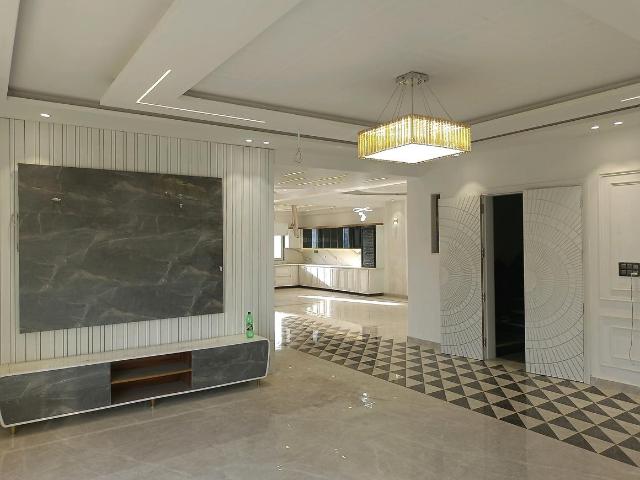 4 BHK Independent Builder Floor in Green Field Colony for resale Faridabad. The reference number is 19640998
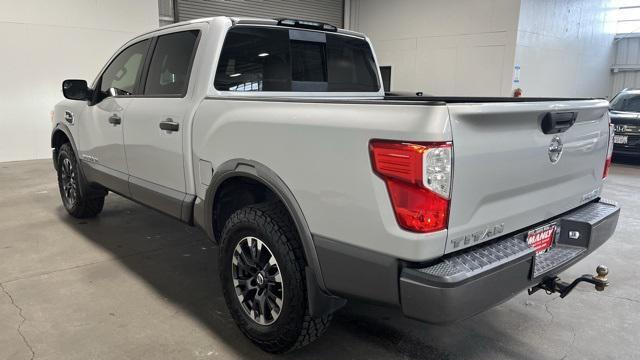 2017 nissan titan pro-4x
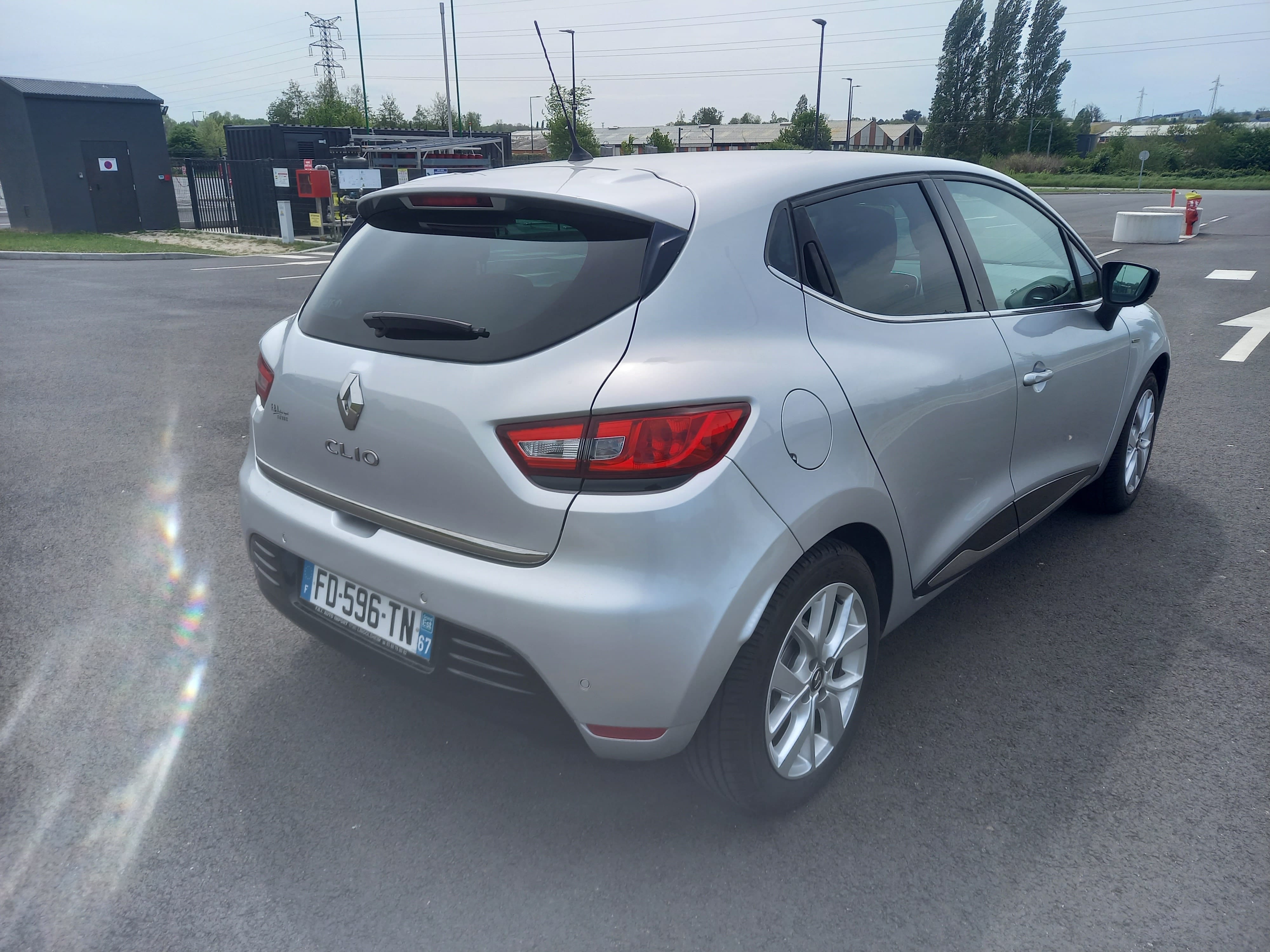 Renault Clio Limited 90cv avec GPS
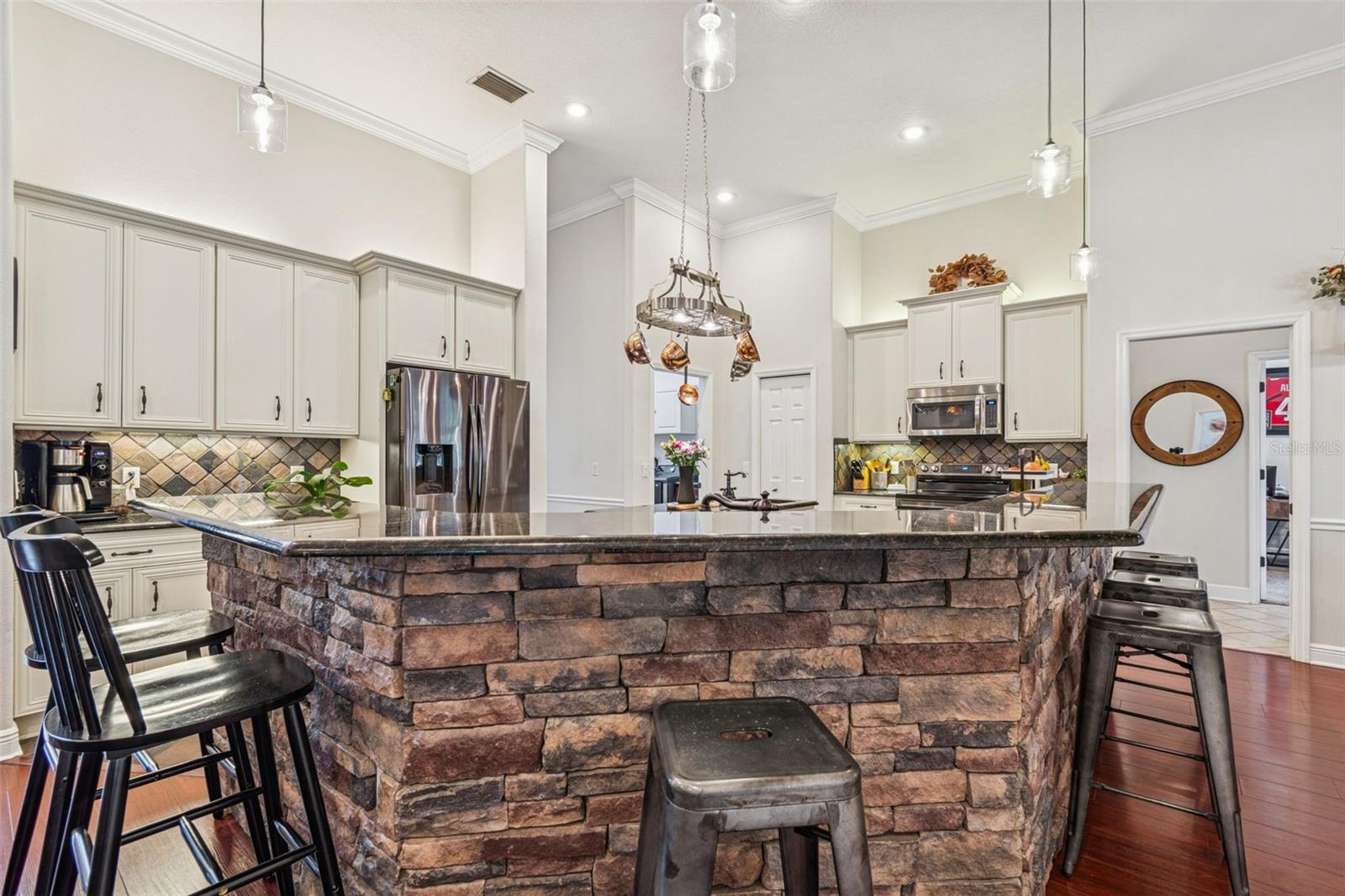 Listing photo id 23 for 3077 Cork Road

---

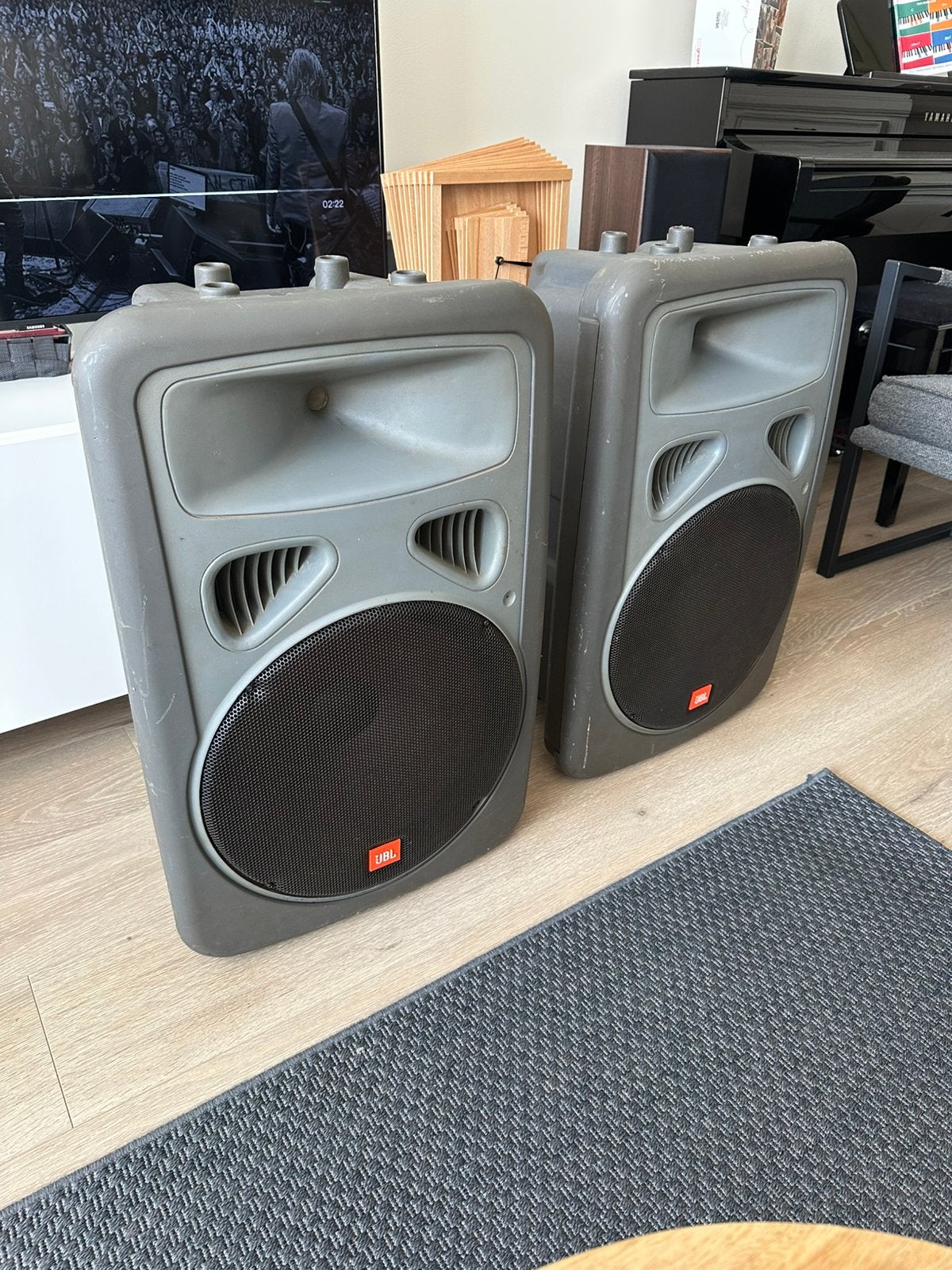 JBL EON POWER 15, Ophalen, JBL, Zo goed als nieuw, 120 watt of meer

--- Assignment ---
Among the entries above, take the line with "2017 nissan titan pro-4x", the line with "Listing photo id 23 for 3077 Cork Road", and all the lines between them, and restate them word for word without pictures.

--- Answer to the problem ---
 2017 nissan titan pro-4x
 Renault Clio Limited 90cv avec GPS
 Listing photo id 23 for 3077 Cork Road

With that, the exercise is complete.